Gezi yazısını bitirmeden önce göreceli bir konu olsa da, konaklama, restoran, kafe öneri ve bilgilerine de yer vermiş olayım. Öncelikle sabah havalimanına ulaşım yapacağımız için biz tren istasyonuna yakın konumda bir otelde kalmayı tercih ettik. Bu bölge için araştırma yaparken Sir & Lady Astor Hotel için yorumların genel olarak iyi olduğunu görünce de bu otelde karar kıldık. Açıkçası kararımızdan da memnun kaldık. Sokaktan 3 katlı apartmanı andıran yapısıyla dışarıdan görünüm itibarıyla pek otele benzemese de, odaların genişliği ve tefrişi, açık büfe kahvaltısı ile verdiği hizmetin gayet iyi olduğunu söyleyebilirim.
Biz otelin konumundan şehir merkezine yürüyerek yaklaşık yarım saatte süren bu güzergahta, yukarıda anlattığımız yerleri de yürüyerek dolaşmış olduk.
Yol güzergahında bulunan Johanneskirche isimli protestan kilisesi civarında bulunan alışveriş merkezlerinde ufak tefek ihtiyaçlarımızı da aldık.
Daha sonra Markplatz’ın oradaki şehrin ünlü “Gut & Gerne” isimli çikolatacısına uğrayıp önce kafe kısmında sıcak çikolatamızı içip, sonra satış bölümünden kendimize çikolata aldık.
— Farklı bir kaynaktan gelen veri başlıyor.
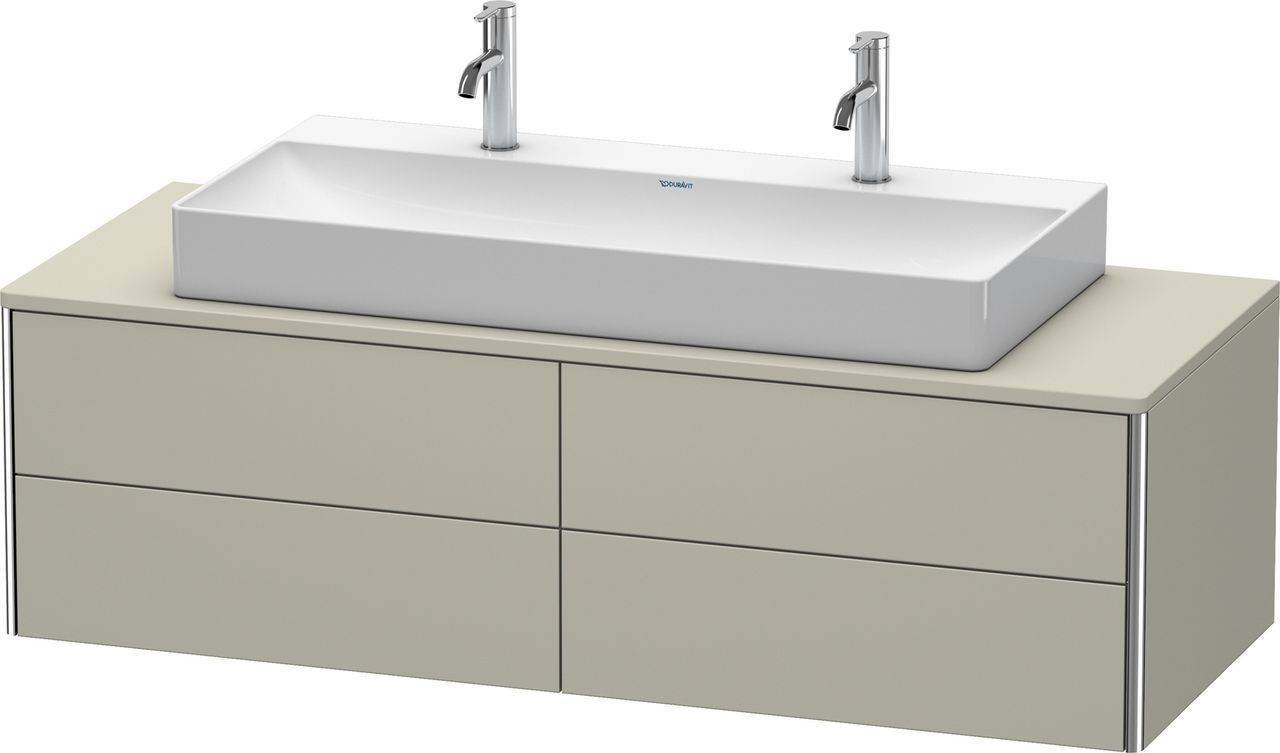Duravit XSquare Waschtischunterbau wandhängend XS4915, 4 Schubkästen, 1400 x 548mm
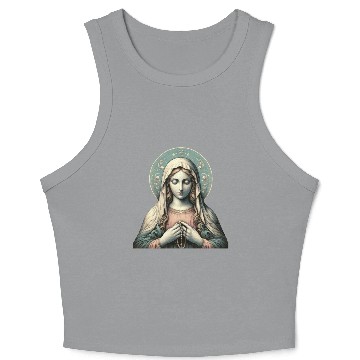 Discover Serene Madonna ic Image Crop Tank Top
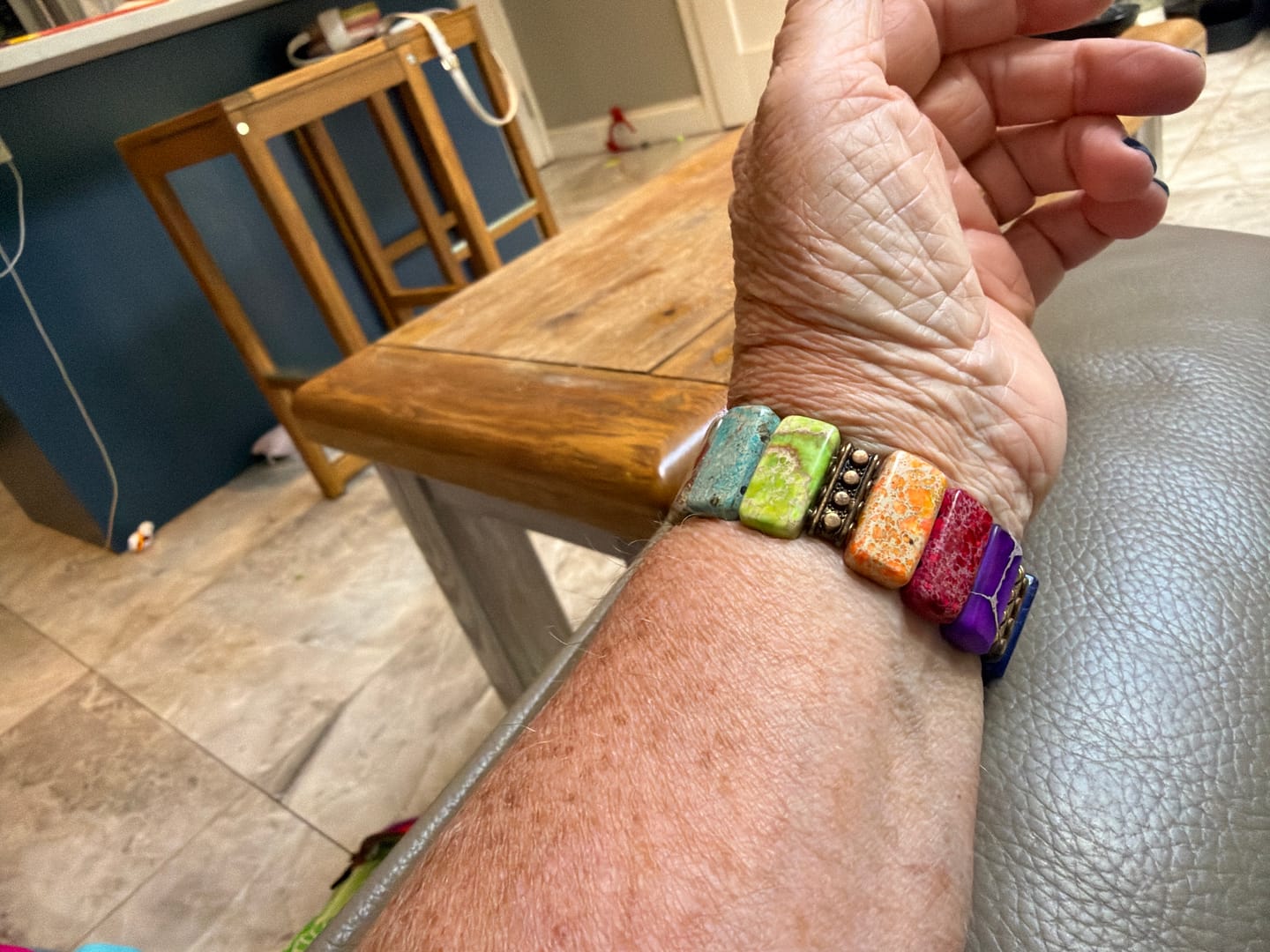 Customer photo review of Chic Chakra Stretch Apple Watch Strap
Buradan alışveriş yapmak isterseniz, istediğiniz çikolatalardan, istediğiniz gramajda alarak sevdiklerinize hediye paketi de oluşturabilirsiniz.
Burgplatz’dan hemen içeriye girişte yer alan ve oldukça kalabalık olan barlar sokağında biraz dolaştıktan sonra, Alman yemek ve atıştırmalıklarından sıkıldığımıza kanaat getirerek, biraz araştırma ile tren istasyonunun diğer tarafında bulunan “La Luce Due” isimli İtalyan restoranında karar kılarak metroya binip akşam yemeğimizi bu restoranda yedik.
Ertesi sabah da havalimanına gitmeden evvel yine tren istasyonunun diğer tarafında yer alan “Kaffee Handwerk” (Flingern) isimli kahvecide tatlı ve kahve molası yaptık. Biraz yürüyüş yaparak tren istasyonu etrafında çevreyi gezdiğimizde, Türklerin bu kısımda daha yoğun olarak ikamet ettiklerini ve kahve, hamam işletmesi gibi ticari faaliyetlerde dahi bulunduklarını gözlemledik.